Analyzing Azure Table Storage data with HDInsight

HDInsight was optimized from the start to be able to quickly analyze data on Azure's blob storage service using Hadoop by using the WASB file system to expose the data there as a native Hadoop file system. But the spirit of Hadoop has always been to be able to analyze data wherever it is, so in this post I'll show you how to analyze data residing the more structured Azure table storage service. This would enable you to analyze tables that have millions/billions of rows in them using Hadoop/Hive to distribute that analysis to many compute nodes in Azure.

Prerequisites

To follow along in this post, you'll need to:

  1. Have a valid Azure subscription.
  2. Install Azure PowerShell and connect to your subscription - follow this article for details on how to do that.
  3. Have a storage account in your subscription that's selected as the default in your PowerShell session.
  4. Have git and Maven installed and in your PATH in your PowerShell session.
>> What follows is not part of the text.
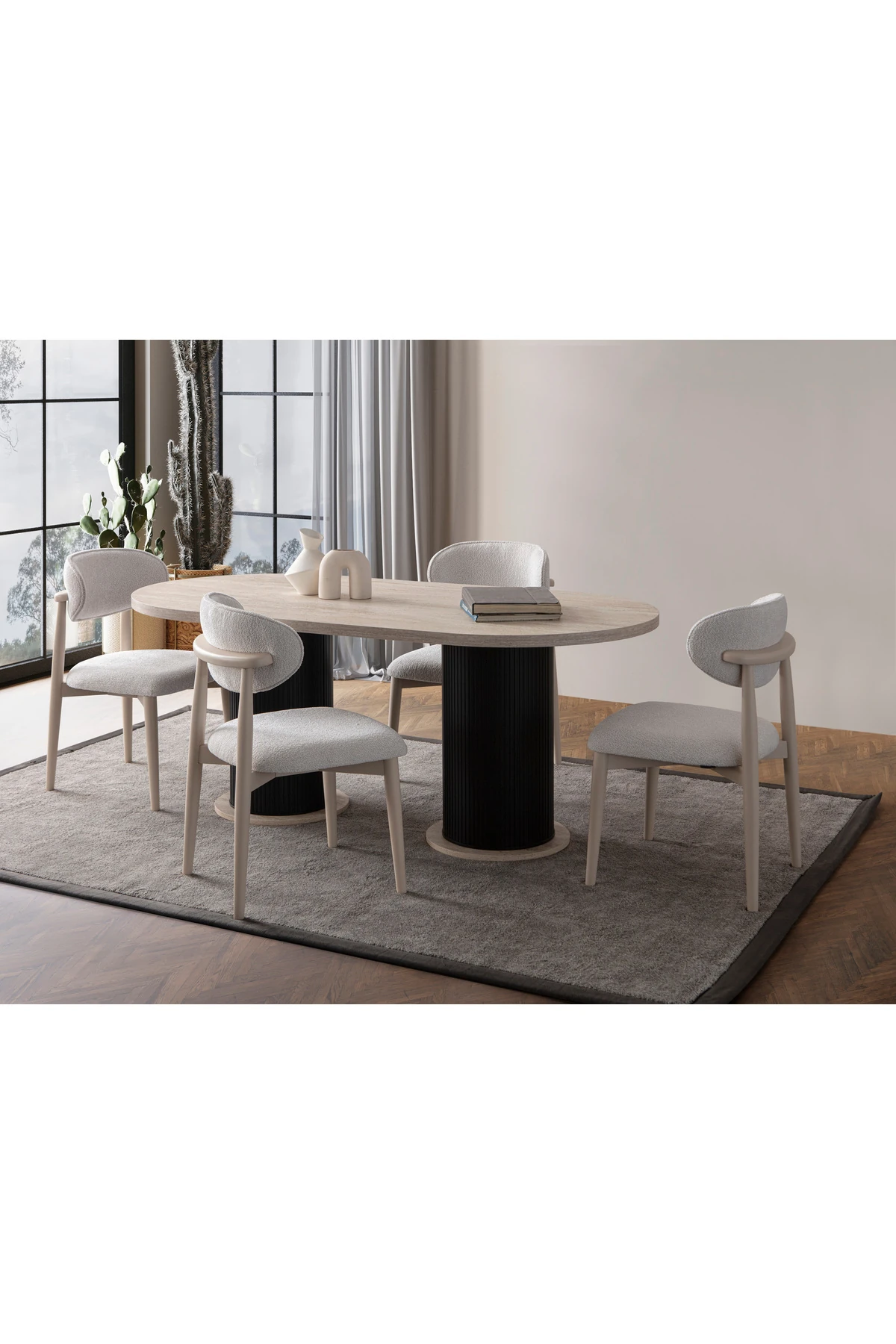 Traverten Oval 4 Sandalyeli Masa Takımı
Creating a table to analyze

You can skip this step if you already have a table you want to analyze (and hey if you're reading this chances are good that this is the case). But just to get a quick-and-dirty example going, here's is a simple PowerShell script to create an example table for us to analyze:

 function InsertRow($table, [String]$partitionKey, [String]$rowKey, [int]$intValue)
{
  $entity = New-Object "Microsoft.WindowsAzure.Storage.Table.DynamicTableEntity" $partitionKey, $rowKey
  $entity.Properties.Add("IntValue", $intValue)
  $insertResult = $table.CloudTable.Execute(`
    [Microsoft.WindowsAzure.Storage.Table.TableOperation]::Insert($entity))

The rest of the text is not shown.